Sin salirse del cuadro, por Renato Cisneros
Sin salirse del cuadro, por Renato Cisneros
Renato Cisneros

El domingo pasado, los padres de mi esposa nos invitaron a ver la comentada muestra de El Bosco en el Museo del Prado. “Es la exposición más completa que se ha hecho de su obra en España”, dijeron al unísono, mostrándonos las entradas para esa misma tarde. Ya les estaba agradeciendo la gentileza cuando, al revisar la información consignada en los boletos, reparé en que la incursión museográfica estaba programada a la misma hora del lanzamiento del flash de la segunda vuelta. Se lo murmuré a mi esposa, que me devolvió una mirada disuasiva como diciendo: “Bah, las elecciones no son tan importantes, ¿o sí?”.

Como no quería desairar a mis suegros, que nos visitaban en Madrid, ni propiciar un clima de tensión familiar, ni ciertamente perder la ocasión de apreciar gratuitamente el magnífico legado del pintor holandés, asentí pensando: “Es cierto, da lo mismo; además, los porcentajes del conteo rápido recién se conocerán por la noche”.
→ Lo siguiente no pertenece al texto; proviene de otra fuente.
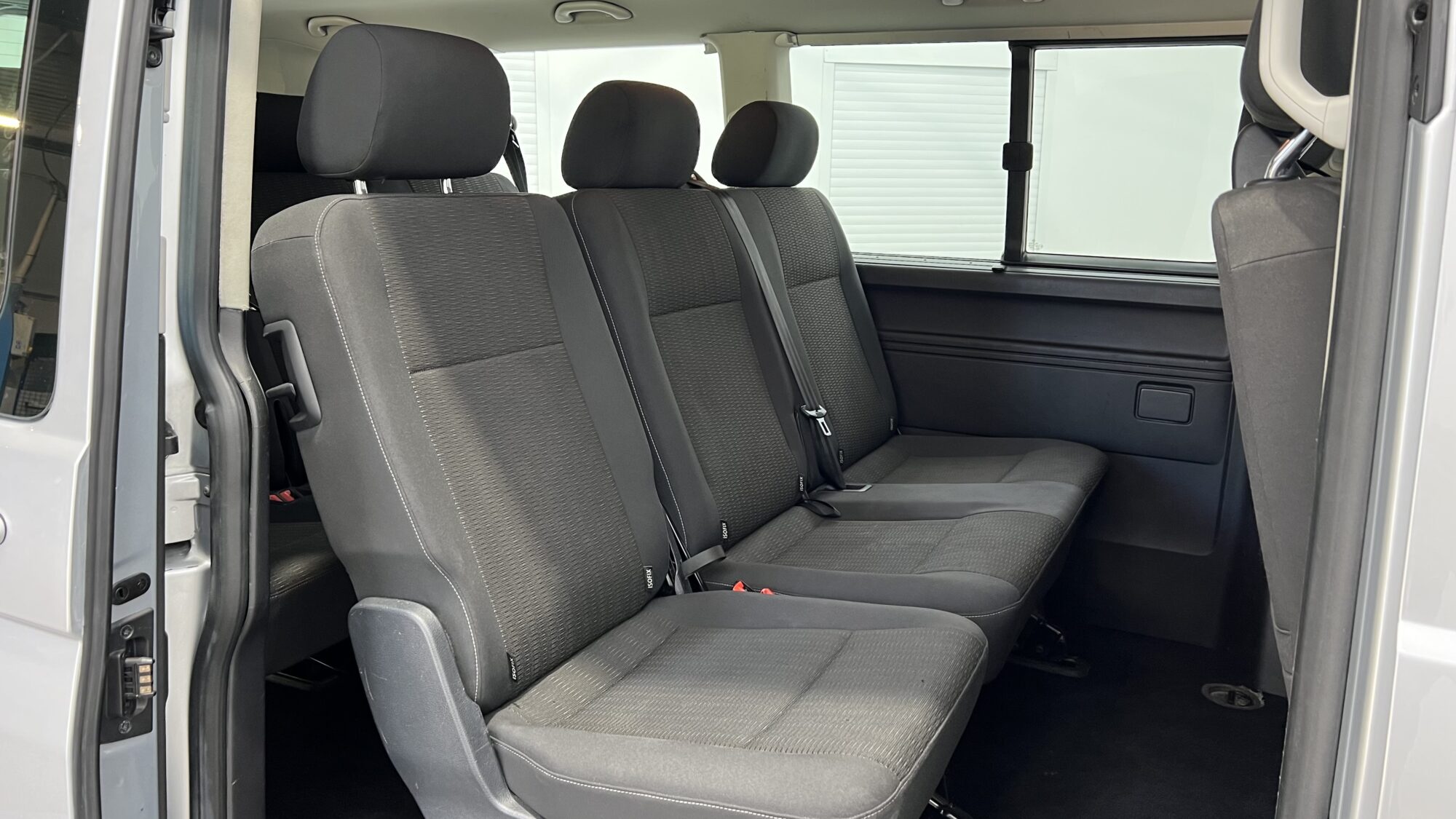 VOLKSWAGEN CARAVELLE 4 MOTION 2.0 TDI 150CH 9 PLACES LONG + 4856 EUROS D'OPTIONS – Image 15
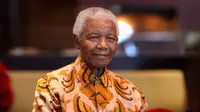 Nelson Mandela dengan batik. (Foto: theGrio)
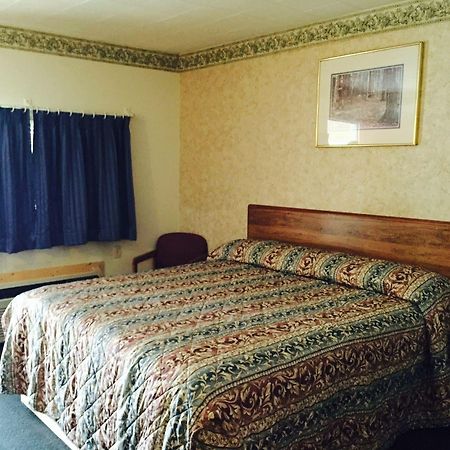 Regency Inn Bridgeport-Frankenmuth Buitenkant foto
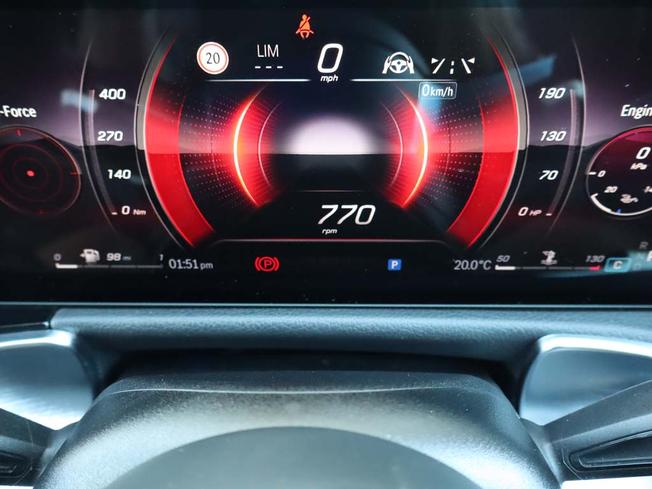 MERCEDES-BENZ GLB Photo 36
Nos fuimos entonces a dar entretenidas vueltas por la ciudad y, poco a poco, entre las sinuosas callecitas empedradas, los pintorescos balcones de los edificios, la oferta botánica de los parques, los vinos riojanos que bebíamos al paso y los selfies que subíamos a Instagram, la presidencia del Perú se me antojó como la última de las preocupaciones terrestres.

Horas después, sin embargo, mientras ingresábamos a la sala del museo donde se han dispuestos los famosos cuadros, los inéditos grabados y los sagrados trípticos de El Bosco, al notar en mi reloj que se aproximaba el momento del flash, sentí unas desesperantes ganas de huir de allí para conectarme por Internet a la señal de cualquier medio peruano y seguir –cerveza en mano– los pormenores de la jornada electoral.
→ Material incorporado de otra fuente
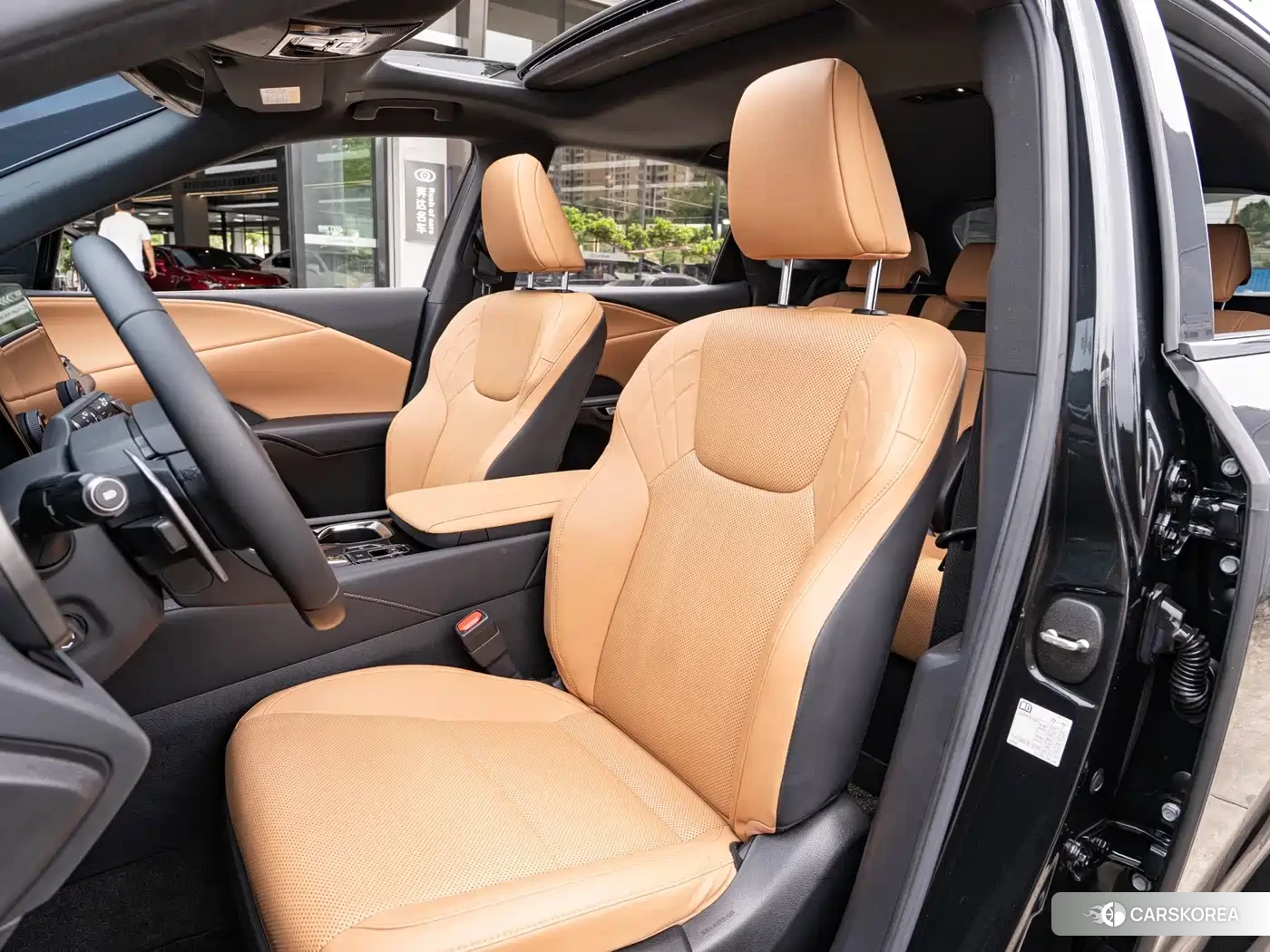 Lexus RX 2023 Черный из Китая, фото 5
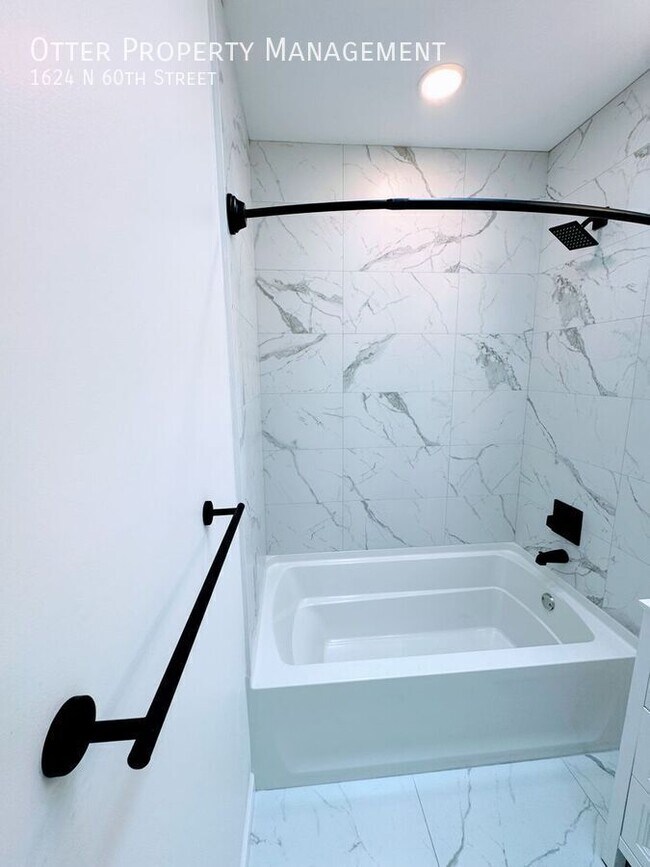 Building Photo - 1624 N 60th St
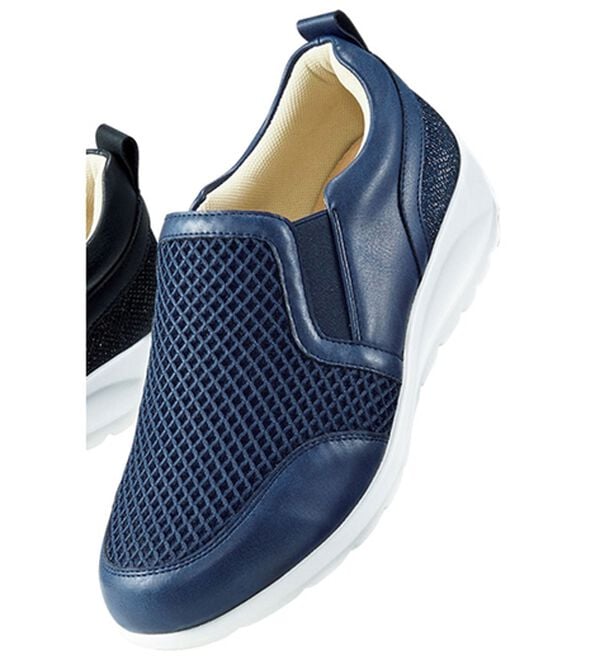 BELLUNA（ベルーナ）の「５Ｅメッシュ使いスリッポンシューズ（スリッポン）」｜ネイビー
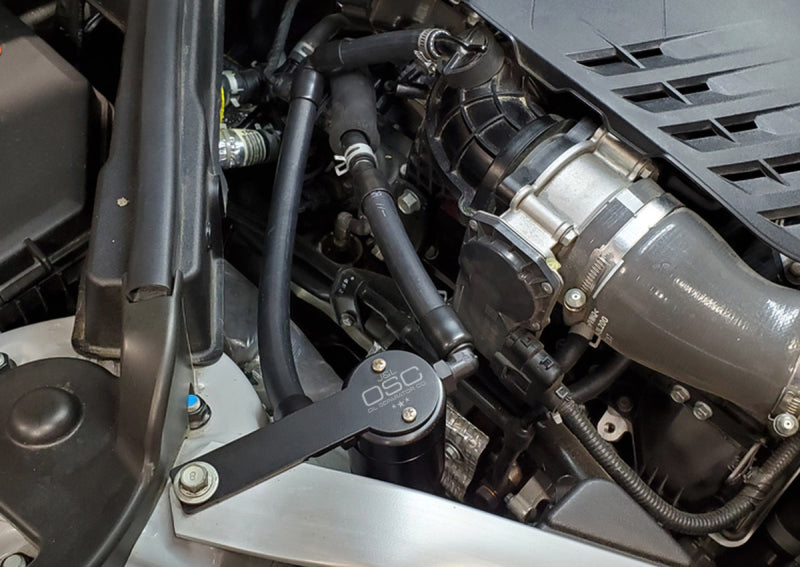 J&amp;L 18-22 Kia Stinger GT 3.3TT Passenger Side Oil Separator 3.0 - Black Anodized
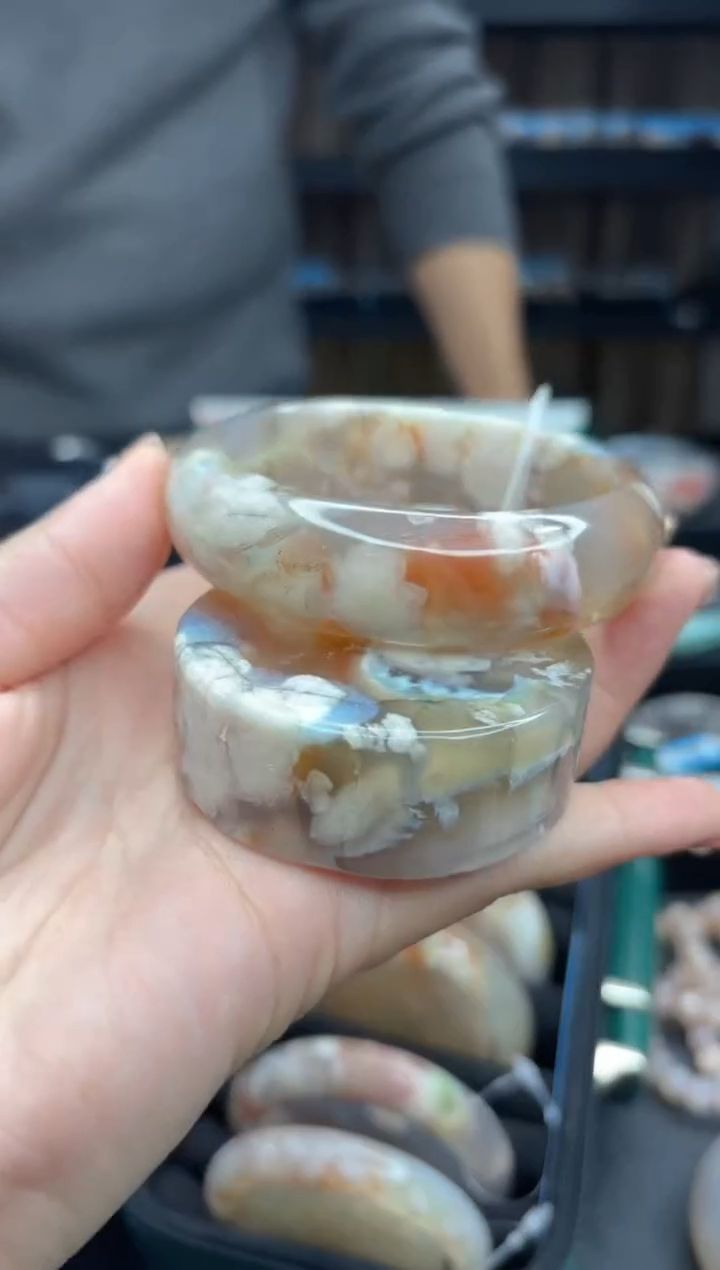 【闪购商品】石英质玉手镯未镶嵌437（60圈赠送镯心）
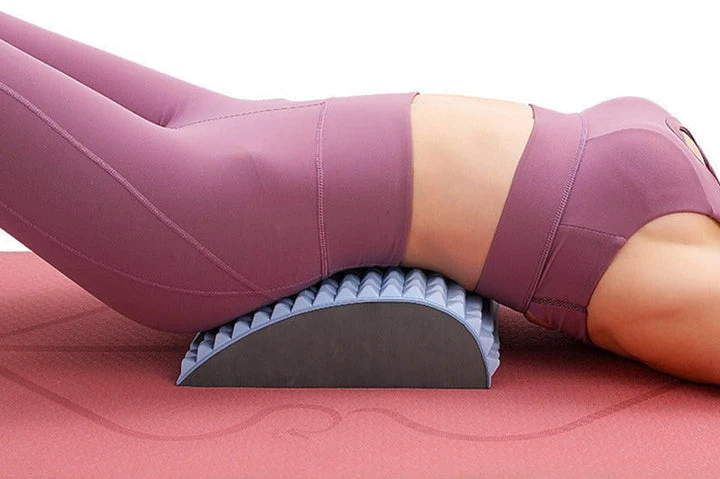 Ergonomische Rückenstreckhilfe – Sanftes Dehnen der Wirbelsäule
La femenina voz de la audioguía iba revelando detalles biográficos del artista (como que eligió su seudónimo en honor a su ciudad natal, Den Bosch), pero yo mentalmente andaba tan lejos de allí que por un instante deseé que esa misma voz me informara de cuántos chicharrones había constado el copioso desayuno de Keiko y PPK.

A riesgo de pasar por ignorante, urgido por acabar pronto el recorrido y meterme de cabeza en el ‘boca de urna’, comencé a pasar de largo cuadros que otros visitantes (mis suegros, entre ellos) contemplaban, mínimo, durante 15 minutos, a la vez que tomaban apuntes, cotejaban puntos de vista, libraban debates estéticos acerca del tema, la técnica, la perspectiva.
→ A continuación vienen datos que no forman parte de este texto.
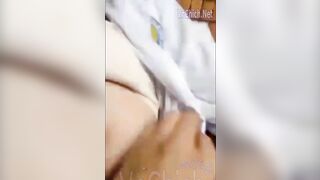 Nữ Sinh thường tín sang nhà bạn học đánh vần bị phát hiện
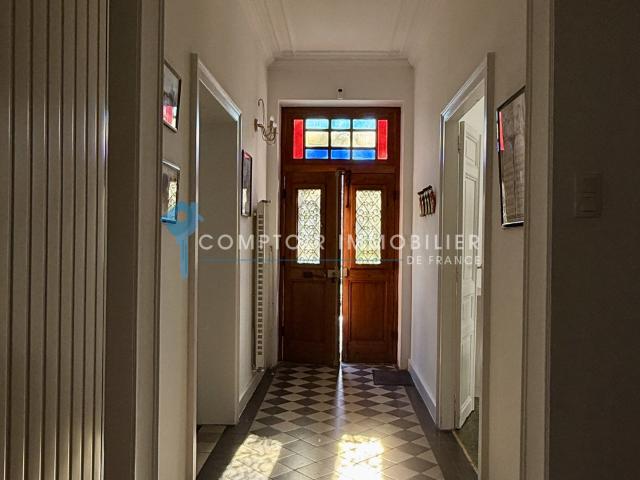 Maison 7 pièces 264 m²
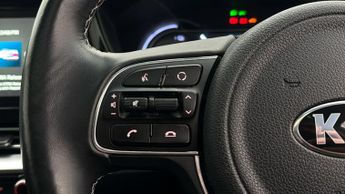 Kia Niro 4 PLUS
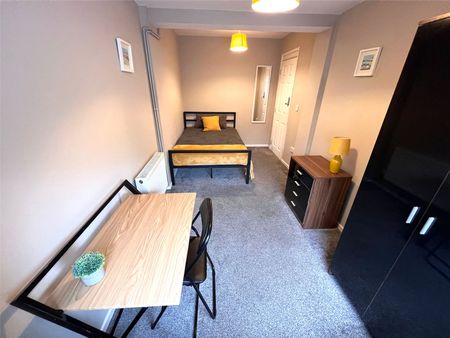 1 Bedroom House Share To Rent - Photo 2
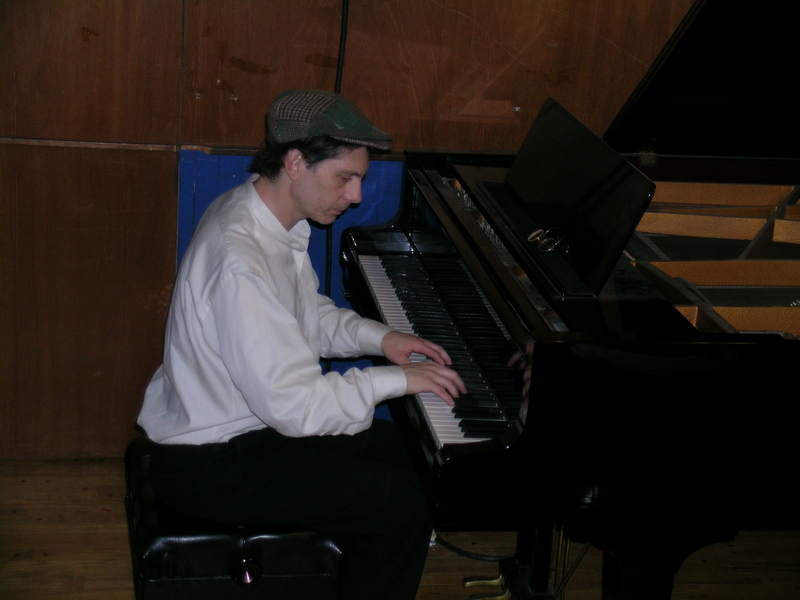 Date this charming United States man Chayimlife from Columbus US12614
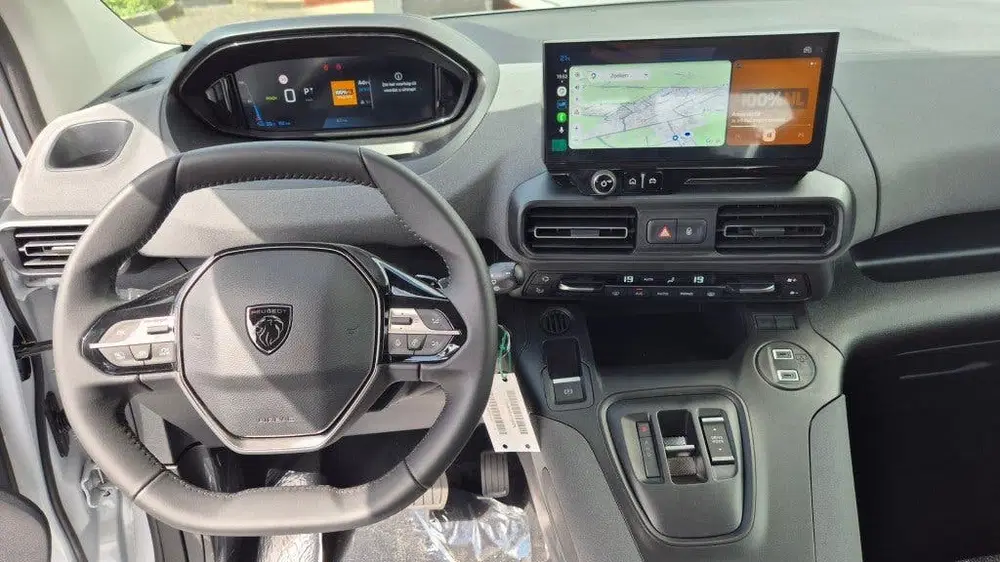Peugeot Rifter Elektrische L2 Rolstoelauto NIEUW uit 2026, foto 3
Justo cuando ya empezaba a claudicar, a punto de abandonar la causa culturosa en nombre de la democracia y la libertad, llegué a la esquina donde se levanta el tríptico más colosal de El Bosco, El jardín de las delicias, y quedé noqueado. El pintor Miquel Barceló ha dicho de esa ambiciosa pintura: “es como un gran día de fiebre”, y la escritora Nélida Peñón ha sentenciado: “para poder explicarla hay que inventar nuevas palabras”.

En El Jardín convivían el Paraíso y el Infierno; la pasión, la desnudez, el placer, los sueños; el caos, la corrupción, la destrucción, el miedo. Me di cuenta de que también allí estaba sugerido el flash que tanto venía demandando. Sí, era cuestión de mirar bien entre esa generosa fauna de criaturas enigmáticas y monstruosas para encontrar personajes émulos de nuestra política (desde los candidatos hasta sus votantes, pasando por los líderes novatos, los muertos vivientes y las rémoras cibernéticas) y poder vislumbrar su futuro comportamiento.

Como si fuese un oráculo capaz de predecirlo todo, el gran óleo de El Bosco me incitó a pensar que en nuestra elección esta vez solo habría triunfadores efímeros y una muchedumbre hermanada en la agonía. Dicho y hecho, así fue. Así viene siendo. Así será siempre.

Esta columna fue publicada el 11 de junio del 2016 en la revista Somos.